A pre-season-to-mid-season block that installs a clear game model (how we attack, defend, and transition) while developing athleticism and resilience. Every session opens with injury-prevention work.

Week 1: Foundations & Fitness Base

Set standards; build aerobic base via the ball.

🏠 Establish a sleep + hydration routine for the season.

Week 2: Possession & Shape

Keep the ball with good positional structure.

🏠 Watch a match and track one player's positioning off the ball.

Week 3: Building from the Back

Play out under pressure with purpose.

🏠 Study how a pro team builds out vs a press.

Week 4: Pressing & Defensive Shape

Press as a unit off triggers; stay compact.

🏠 Identify your team's pressing triggers.

Week 5: Transitions

Win the first 5 seconds after a turnover.

🏠 Speed/agility ladder work, 2x this week.

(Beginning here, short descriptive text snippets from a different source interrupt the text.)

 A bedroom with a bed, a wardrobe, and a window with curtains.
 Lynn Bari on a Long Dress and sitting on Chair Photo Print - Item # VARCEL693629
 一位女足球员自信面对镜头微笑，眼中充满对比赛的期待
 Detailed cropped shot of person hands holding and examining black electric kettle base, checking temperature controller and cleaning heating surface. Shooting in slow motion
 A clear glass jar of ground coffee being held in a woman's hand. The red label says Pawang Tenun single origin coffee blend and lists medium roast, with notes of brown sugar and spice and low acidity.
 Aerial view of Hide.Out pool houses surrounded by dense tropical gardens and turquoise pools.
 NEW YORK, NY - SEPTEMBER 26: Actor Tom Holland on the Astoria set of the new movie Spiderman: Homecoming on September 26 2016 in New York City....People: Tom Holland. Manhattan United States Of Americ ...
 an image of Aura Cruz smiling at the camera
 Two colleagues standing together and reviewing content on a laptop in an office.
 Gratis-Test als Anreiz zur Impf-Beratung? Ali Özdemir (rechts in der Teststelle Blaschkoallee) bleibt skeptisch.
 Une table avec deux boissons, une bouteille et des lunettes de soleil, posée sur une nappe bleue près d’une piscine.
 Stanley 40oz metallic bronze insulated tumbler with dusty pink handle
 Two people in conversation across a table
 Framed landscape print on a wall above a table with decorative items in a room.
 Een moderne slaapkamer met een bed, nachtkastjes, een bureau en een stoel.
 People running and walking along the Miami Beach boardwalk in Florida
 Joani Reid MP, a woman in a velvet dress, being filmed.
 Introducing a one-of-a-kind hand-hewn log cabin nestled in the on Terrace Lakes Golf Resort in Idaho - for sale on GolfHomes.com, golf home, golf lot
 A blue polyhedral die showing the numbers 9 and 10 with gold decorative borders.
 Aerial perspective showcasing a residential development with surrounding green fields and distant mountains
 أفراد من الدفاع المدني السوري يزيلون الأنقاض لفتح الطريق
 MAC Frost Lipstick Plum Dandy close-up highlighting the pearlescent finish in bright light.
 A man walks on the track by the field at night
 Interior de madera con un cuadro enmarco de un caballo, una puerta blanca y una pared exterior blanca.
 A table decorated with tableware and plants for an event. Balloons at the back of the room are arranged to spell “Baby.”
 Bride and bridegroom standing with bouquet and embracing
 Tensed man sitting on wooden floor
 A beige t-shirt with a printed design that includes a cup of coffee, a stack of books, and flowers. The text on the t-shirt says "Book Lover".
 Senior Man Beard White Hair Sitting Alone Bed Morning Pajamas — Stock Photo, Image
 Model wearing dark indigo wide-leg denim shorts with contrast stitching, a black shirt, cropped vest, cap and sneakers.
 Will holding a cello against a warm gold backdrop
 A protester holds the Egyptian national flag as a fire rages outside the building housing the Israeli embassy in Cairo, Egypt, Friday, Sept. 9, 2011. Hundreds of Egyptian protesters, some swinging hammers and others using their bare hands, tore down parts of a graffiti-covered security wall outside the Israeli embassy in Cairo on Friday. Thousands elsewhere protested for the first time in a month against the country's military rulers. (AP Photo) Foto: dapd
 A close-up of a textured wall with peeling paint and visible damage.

Week 6: Attacking Patterns

Create and finish chances through structure.

🏠 Extra finishing reps — 40 shots, both feet.

Week 7: Switching Play

Move the opposition by changing the point of attack.

🏠 Practice long, accurate switches with a teammate.

Week 8: Game Intelligence Under Pressure

Make the right decision when it's hard.

🏠 Review one of your own match clips for decisions.

Week 9: Set Pieces & Details

Win the margins — set-piece roles and discipline.

🏠 Know your set-piece responsibilities cold.

Week 10: Peak & Compete

Bring it together; perform and reflect.

🏠 Set 3 personal goals for the rest of the season.